Sabores/Alejandra Maldonado
A mediados de los 70, salvo consagrados como Paco Malgesto, León Michel, Jorge Labardini, el Mago Septién o don Fernando Marcos, entre otros, no cualquiera se podía poner ante un micrófono sin la respectiva licencia de aptitud.
Para trabajar en algún medio electrónico, la Dirección Audiovisual (más tarde Dirección General de Televisión Educativa) de la Secretaría de Educación Pública, expedía un permiso que debía renovarse cada 90 días, mientras se realizaba el examen de locución.
Él mismo, constaba de un cuestionario de 150 preguntas sobre literatura, historia, geografía, arte y algo de política; pronunciación de palabras en inglés, francés, alemán e italiano.
En cabina se evaluaban improvisación, lectura de noticias, locución de comerciales y, el más pesado, conocimientos generales sobre la Ley Federal de Radio y Televisión.
Yo lo aprobé hasta el segundo intento. En el primero, superé sin problemas el de cultura general pues era mi época de universitario; acostumbrado a las informaciones cablegráficas por mi trabajo en radio, no tuve problemas con el de pronunciación extranjera.
Para la prueba de cabina tuve la suerte de encontrarme con un sinodal yucateco. Miguel Canto y Guty Espadas, ambos nativos de la Blanca Mérida, eran monarcas, en las divisiones mínimas del Consejo Mundial de Boxeo. De los dos minutos que pedían de improvisación me excedí más de diez ante la complacencia del maestro, aficionadazo al deporte de las trompadas. Obvio, lo aprobé sin problemas.
Pero llegó el de la Ley Federal de Radio y Televisión. Me preguntaron sobre el artículo que establecía la necesidad de un certificado de aptitud para ejercer como locutor.

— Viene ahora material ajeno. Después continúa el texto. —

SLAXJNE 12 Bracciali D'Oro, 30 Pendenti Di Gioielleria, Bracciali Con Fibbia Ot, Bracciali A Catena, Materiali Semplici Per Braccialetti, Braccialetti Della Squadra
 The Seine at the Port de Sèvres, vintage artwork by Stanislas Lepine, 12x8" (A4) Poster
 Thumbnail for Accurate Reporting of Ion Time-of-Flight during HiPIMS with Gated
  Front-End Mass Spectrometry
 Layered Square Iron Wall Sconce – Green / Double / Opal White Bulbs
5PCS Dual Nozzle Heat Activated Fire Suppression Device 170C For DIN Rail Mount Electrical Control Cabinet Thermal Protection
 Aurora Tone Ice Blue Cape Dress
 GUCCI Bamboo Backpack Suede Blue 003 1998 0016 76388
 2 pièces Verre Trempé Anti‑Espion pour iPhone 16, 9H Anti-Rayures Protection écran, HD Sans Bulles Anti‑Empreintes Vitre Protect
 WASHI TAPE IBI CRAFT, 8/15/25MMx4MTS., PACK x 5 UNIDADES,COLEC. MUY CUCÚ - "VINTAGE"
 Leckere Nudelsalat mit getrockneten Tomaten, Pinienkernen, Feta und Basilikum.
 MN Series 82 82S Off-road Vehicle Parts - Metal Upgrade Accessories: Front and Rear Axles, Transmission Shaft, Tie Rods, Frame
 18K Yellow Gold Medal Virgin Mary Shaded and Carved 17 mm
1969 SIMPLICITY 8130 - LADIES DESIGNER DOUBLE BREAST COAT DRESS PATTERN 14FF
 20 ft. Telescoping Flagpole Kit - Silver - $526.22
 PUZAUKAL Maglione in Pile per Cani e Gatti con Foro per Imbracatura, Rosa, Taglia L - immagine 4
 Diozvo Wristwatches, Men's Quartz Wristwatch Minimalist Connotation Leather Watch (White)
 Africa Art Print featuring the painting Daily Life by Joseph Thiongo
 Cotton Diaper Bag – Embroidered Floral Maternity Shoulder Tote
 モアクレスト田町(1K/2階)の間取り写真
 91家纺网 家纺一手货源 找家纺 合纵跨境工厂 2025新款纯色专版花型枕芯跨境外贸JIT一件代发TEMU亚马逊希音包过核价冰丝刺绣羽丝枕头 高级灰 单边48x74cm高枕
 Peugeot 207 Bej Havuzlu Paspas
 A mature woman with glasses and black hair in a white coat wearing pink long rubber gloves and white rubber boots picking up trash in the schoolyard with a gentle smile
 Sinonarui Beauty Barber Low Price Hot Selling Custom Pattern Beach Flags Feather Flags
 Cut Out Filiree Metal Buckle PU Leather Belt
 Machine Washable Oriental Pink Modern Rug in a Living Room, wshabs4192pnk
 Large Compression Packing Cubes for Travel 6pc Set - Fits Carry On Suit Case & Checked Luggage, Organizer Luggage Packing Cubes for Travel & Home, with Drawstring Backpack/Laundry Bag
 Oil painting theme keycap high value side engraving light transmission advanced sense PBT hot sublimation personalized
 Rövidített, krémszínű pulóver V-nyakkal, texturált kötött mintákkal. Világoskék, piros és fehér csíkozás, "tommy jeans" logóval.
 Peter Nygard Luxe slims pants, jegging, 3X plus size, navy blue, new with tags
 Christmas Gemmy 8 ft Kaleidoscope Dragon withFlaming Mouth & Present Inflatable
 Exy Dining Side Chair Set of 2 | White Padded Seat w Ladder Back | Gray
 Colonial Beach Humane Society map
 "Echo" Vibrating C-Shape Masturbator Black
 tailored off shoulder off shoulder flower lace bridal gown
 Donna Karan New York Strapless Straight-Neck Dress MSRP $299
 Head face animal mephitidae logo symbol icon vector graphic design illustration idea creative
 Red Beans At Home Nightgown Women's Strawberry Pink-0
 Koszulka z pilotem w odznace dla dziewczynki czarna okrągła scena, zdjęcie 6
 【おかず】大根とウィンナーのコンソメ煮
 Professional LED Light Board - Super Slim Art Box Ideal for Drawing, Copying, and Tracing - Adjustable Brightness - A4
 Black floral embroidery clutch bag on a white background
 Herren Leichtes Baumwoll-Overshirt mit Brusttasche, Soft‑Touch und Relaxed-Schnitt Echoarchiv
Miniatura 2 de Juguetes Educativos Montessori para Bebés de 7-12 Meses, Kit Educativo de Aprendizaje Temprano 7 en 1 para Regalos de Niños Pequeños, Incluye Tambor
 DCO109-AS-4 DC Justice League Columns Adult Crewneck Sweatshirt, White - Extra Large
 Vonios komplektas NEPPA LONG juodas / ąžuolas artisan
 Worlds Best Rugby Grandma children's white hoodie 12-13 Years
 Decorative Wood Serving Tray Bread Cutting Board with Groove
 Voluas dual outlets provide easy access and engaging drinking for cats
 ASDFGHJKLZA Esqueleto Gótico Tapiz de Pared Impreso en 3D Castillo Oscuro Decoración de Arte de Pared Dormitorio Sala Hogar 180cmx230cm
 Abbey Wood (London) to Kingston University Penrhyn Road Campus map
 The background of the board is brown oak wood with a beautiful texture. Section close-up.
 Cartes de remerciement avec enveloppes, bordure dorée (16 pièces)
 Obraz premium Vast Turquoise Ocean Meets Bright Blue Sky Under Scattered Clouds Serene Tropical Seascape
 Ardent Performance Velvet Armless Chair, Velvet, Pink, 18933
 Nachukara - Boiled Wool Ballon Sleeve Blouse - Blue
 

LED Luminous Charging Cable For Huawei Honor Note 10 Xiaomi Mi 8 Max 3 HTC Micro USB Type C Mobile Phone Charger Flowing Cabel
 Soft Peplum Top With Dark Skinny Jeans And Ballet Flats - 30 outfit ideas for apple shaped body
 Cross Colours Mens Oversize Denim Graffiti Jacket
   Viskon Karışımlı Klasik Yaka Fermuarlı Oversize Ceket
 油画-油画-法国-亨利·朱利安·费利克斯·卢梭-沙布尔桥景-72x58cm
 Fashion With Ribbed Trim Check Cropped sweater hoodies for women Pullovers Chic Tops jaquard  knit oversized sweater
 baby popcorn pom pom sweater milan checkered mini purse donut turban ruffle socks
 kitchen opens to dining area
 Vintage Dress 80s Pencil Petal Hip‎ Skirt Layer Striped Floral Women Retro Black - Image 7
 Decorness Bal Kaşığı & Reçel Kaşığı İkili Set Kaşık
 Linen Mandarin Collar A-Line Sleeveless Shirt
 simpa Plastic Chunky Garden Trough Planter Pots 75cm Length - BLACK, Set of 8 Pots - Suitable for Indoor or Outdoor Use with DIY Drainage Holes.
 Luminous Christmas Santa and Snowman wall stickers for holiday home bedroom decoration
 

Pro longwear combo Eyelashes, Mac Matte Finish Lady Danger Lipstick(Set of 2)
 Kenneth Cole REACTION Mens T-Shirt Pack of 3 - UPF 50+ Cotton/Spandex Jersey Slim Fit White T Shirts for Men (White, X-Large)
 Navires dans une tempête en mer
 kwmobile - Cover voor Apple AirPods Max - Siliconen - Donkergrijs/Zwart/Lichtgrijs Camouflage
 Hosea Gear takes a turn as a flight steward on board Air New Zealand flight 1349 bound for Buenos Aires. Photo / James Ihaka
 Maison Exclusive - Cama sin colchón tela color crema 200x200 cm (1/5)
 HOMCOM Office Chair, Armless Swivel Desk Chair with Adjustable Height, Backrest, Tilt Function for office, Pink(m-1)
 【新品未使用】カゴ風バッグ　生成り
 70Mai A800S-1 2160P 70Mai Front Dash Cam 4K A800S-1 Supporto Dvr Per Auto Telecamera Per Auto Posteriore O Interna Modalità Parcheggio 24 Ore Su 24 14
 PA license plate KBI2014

Me lo sabía, era el artículo 84.
-Dígamelo textualmente, palabra por palabra, me pidió el maestro.
No supe.
-Estudie y regrese el próximo mes.
Repetí todo el numerito al mes siguiente y superé sin broncas los tres primeros filtros. Al llegar a la Ley Federal y cuando me hicieron la misma pregunta, dije ya la hice. Lo recité a la perfección.
Era otro sinodal y me dijo: “No repita como loro, se trata de que entienda a qué se refiere”.
Creo que mi cara de desilusión le impresionó, porque me aprobó con una serie de recomendaciones para mi preparación.
Así, en enero de 1977 me entregaron mi Certificado de Aptitud como Locutor categoría “A” por mi nivel de estudios de prepa, pues para la “B” se exigía apenas secundaria.
Todo ese viacrucis pasó a la historia cuando en 2016 se derogó la atribución de la Dirección General de Televisión Educativa, para expedir licencias de locutores, comentaristas y cronistas de radio y televisión.
Las nuevas generaciones gozan de mayor libertad y de ellos nada más depende la calidad de su trabajo, porque los operadores, productores y correctores preocupados por el idioma, son especies en extinción.
Hay casos notables de gente con gran preparación y cualidades superlativas para ejercer la locución, pero otros tantos dejan mucho qué desear.
Preocupa el hecho de que no les interese su credibilidad y ejemplos así los vemos y escuchamos a diario tanto en radio como en televisión, sin que aparentemente a nadie le preocupe.
Uno de mis maestros de la vieja guardia nos enseñó a buscar siempre la pronunciación correcta sobre todo de los nombres extranjeros. Teníamos que hablar a la embajada correspondiente y exponer la duda. Lo puse en práctica cuando recibí un cable con el siguiente nombre: Zbigniew Brzezinski… Premio al que lo pronuncie bien en frío y a la primera.